**Aim of the exercise**
Copy exactly the stretch of lines from the one holding "The Bully Stare Kids T-Shirt" through the last line of the data below, inclusive. Leave out pictures.
═════ Data to process
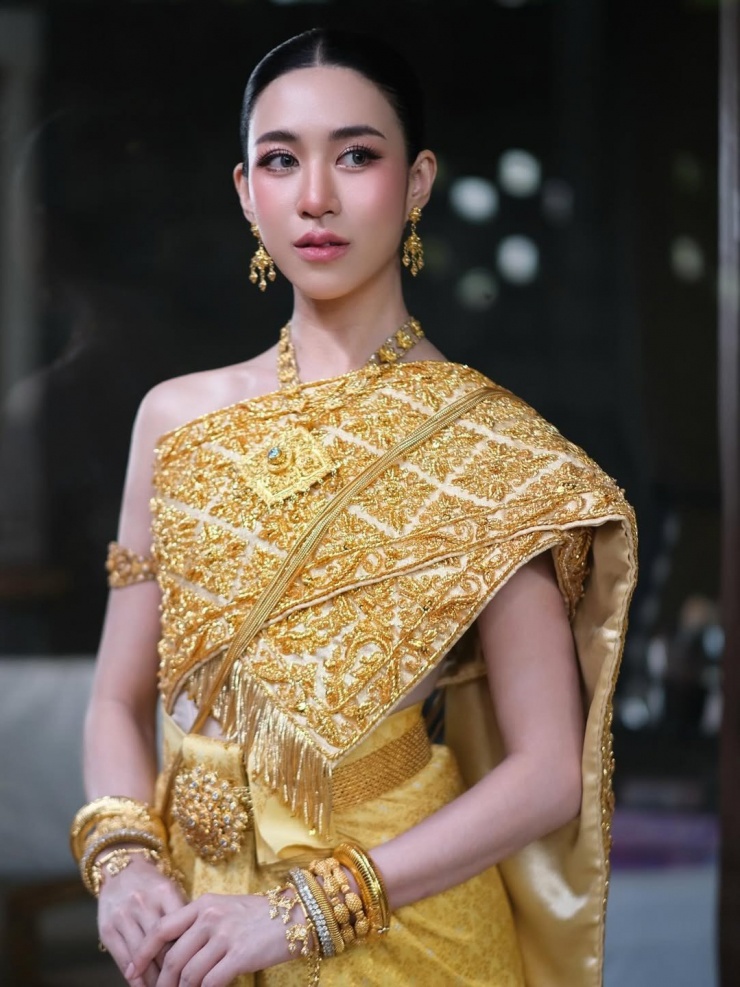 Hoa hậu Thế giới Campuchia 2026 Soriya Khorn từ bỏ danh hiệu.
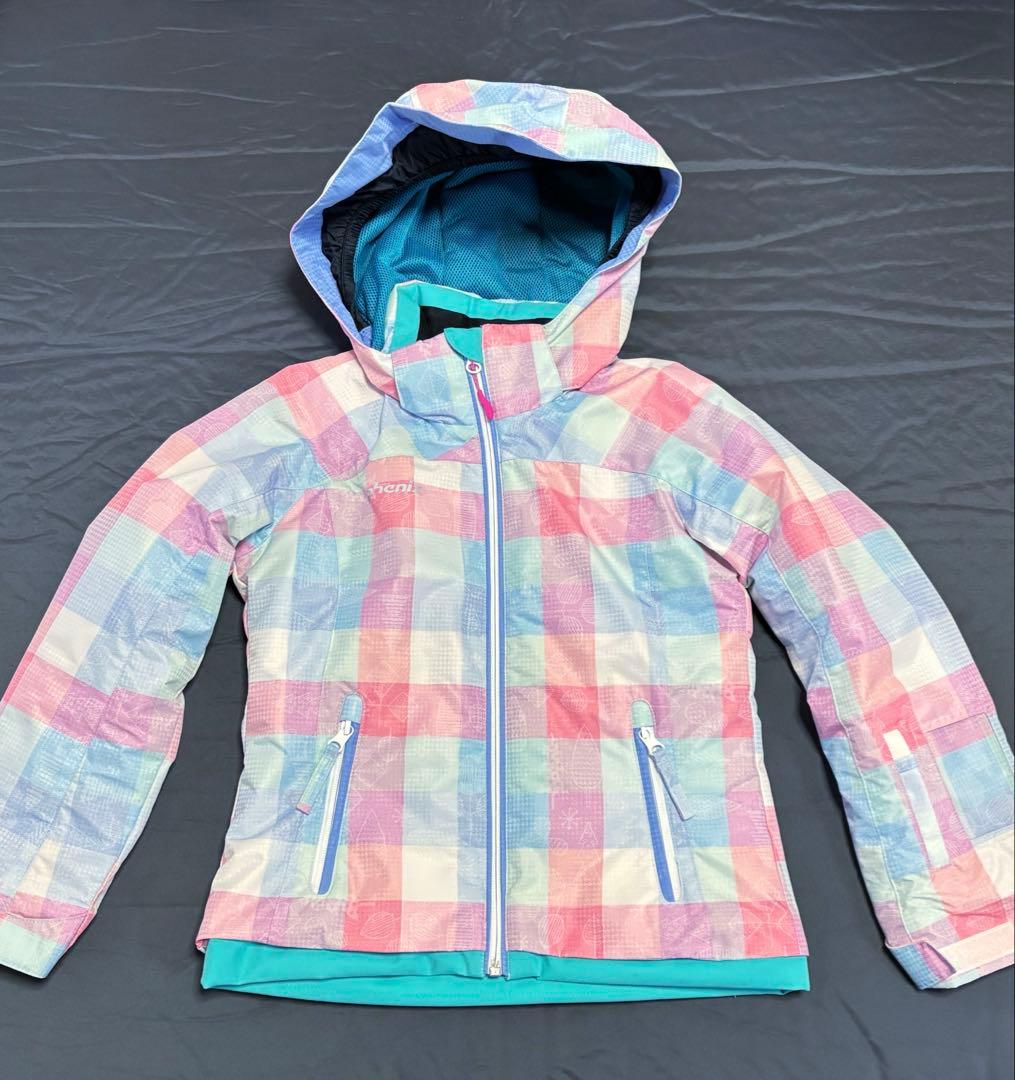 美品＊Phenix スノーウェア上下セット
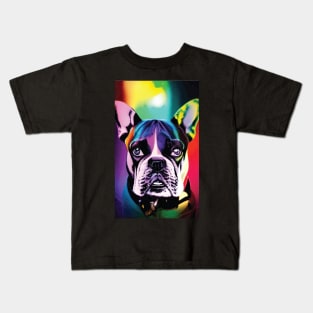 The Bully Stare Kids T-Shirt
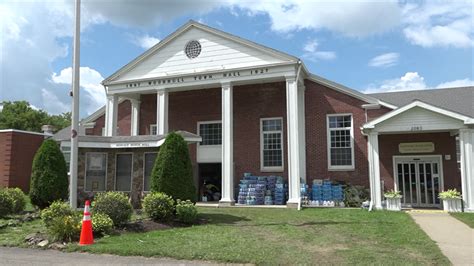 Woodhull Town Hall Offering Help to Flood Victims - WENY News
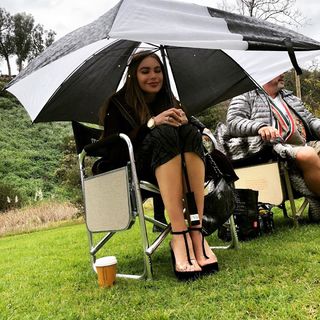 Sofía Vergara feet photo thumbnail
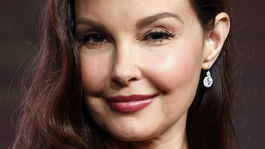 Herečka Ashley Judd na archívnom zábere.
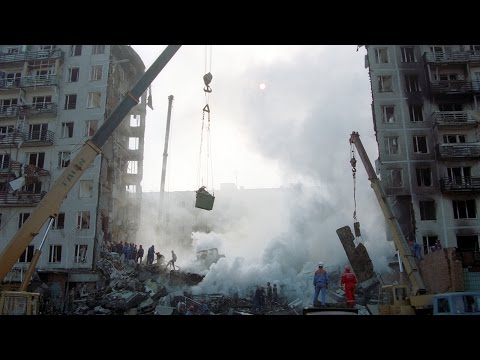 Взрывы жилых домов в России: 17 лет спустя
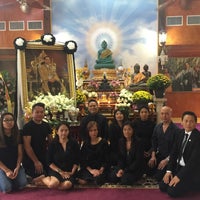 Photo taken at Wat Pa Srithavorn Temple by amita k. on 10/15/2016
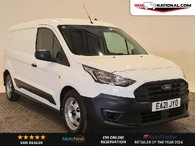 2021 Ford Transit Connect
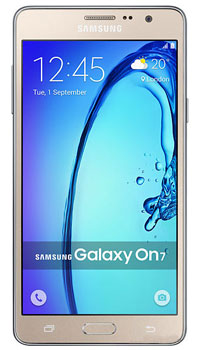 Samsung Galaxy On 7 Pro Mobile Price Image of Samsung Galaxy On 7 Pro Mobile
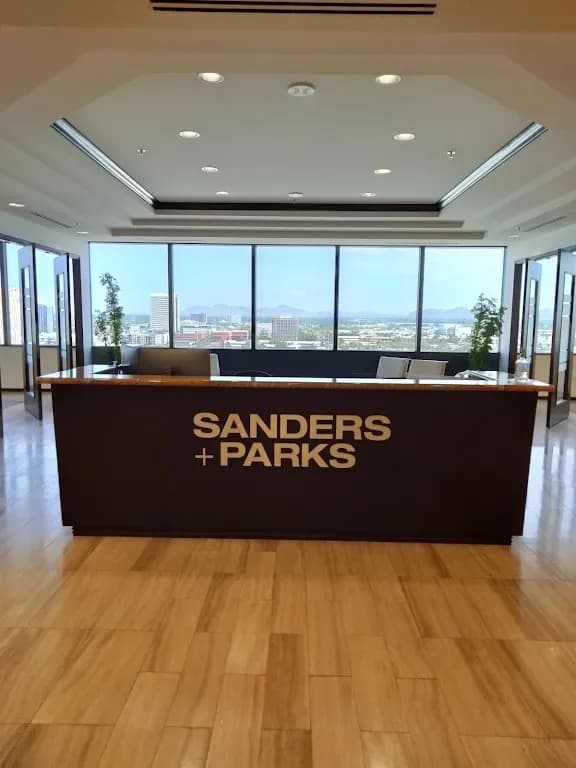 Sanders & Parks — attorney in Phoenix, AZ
══════════
**Output for this exercise**
 The Bully Stare Kids T-Shirt
 Woodhull Town Hall Offering Help to Flood Victims - WENY News
 Sofía Vergara feet photo thumbnail
 Herečka Ashley Judd na archívnom zábere.
 Взрывы жилых домов в России: 17 лет спустя
 Photo taken at Wat Pa Srithavorn Temple by amita k. on 10/15/2016
 2021 Ford Transit Connect
 Samsung Galaxy On 7 Pro Mobile Price Image of Samsung Galaxy On 7 Pro Mobile
 Sanders & Parks — attorney in Phoenix, AZ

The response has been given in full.